Inspired by the hair structures occur in nature at different scales with multiple functionalities, Cilllia looks at new ways of 3D printing dense hair on flat and curved surfaces. It allows users to design and generate hair geometry at 50 micrometer resolution and assign various functionalities to the hair, such as mechanical adhesion property; new passive actuation and touch sensing on a 3D printed artifact. The project envisions a future where physical materials’ properties and functions, whether eletrical or mechanical can be encoded in the material fabrication process directly by users.
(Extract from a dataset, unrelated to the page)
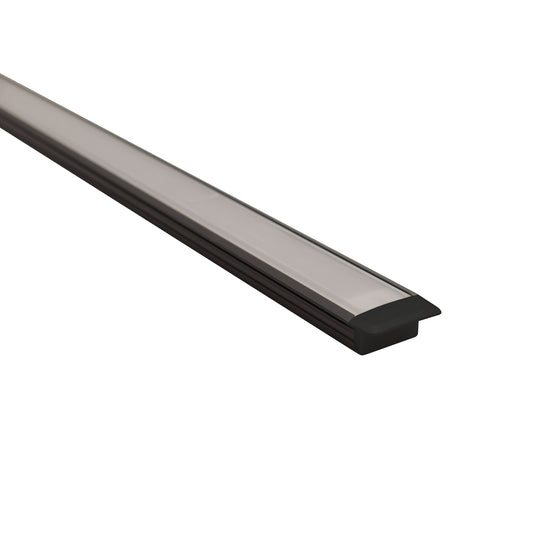 Sycamore Revia 2.5m Recessed Extrusion Matt Black Opal Diffuser | SY7392MB/2.5M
Jifei Ou (欧冀飞) is a designer, researcher and PhD candidate at the MIT Media Lab, where he focuses on designing and fabricating transformable materials across scales (from μm to m). Physical materials are usually considered as static, passive, and permanent. Jifei is interested in finding ways to redesign physical materials with the characteristics of digital information, such as the ability to change shape and and to be programmable. Such new materials could be used to construct a responsive living environment, accelerate the process of design and manufacturing, and enhance our existing interaction with products. As much as his work is informed by digital technology, he is inspired in equal measure by the natural world around him. He has been leading projects that study bio-mimicry and bio-derived materials to design shape-changing packaging, garments and furniture. An adventurer at heart, Jifei was born and raised in southwest China and has brought his design practice and scientific research to Asia, Europe and the U.S. His works have been published in academic conferences such as User Interface Software and Technology (UIST, 2013 & 2016), Tangible Embodied and Embedded Interaction (TEI, 2014 & 2016) and Computer-Human Interaction (CHI, 2015 & 2016); interviewed and featured in publications such as Forbes, Discovery and Science Friday; awarded by design competitions such as A’ Design Award (2016), IXDA award (2016), CORE77 design award (2015), iF design award (2015), etc. He has been organizing workshops on shape-shifting materials with researchers, high school students and artists around the world. He is also deeply involved in the manufacturing community in Shenzhen in order to facilitate the real world application of his research. Jifei holds an MS from the MIT Media Lab and a Diplom in Design from the Offenbach University of Art and Design in Germany.
The Tangible Media Group at MIT Media Lab explores the Tangible Bits & Radical Atoms visions to seamlessly couple the dual world of bits and atoms by giving dynamic physical form to digital information and computation. To address this challenge, we presented our new vision, “Radical Atoms”, in 2012. Radical Atoms takes a leap beyond Tangible Bits by assuming a hypothetical generation of materials that can change form and appearance dynamically, becoming as reconfigurable as pixels on a screen. Radical Atoms is a computationally transformable and reconfigurable material that is bidirectionally coupled with an underlying digital model (bits) so that dynamic changes of physical form can be reflected in digital states in real time, and vice versa. Radical Atoms is the future material that can transform their shape, conform to constraints, and inform the users of their affordances. Radical Atoms is a vision for the future of human-material interaction, in which all digital information has a physical manifestation so that we can interact directly with it. We no longer think of designing the interface, but rather of the interface itself as material. We may call it “Material User Interface (MUI).”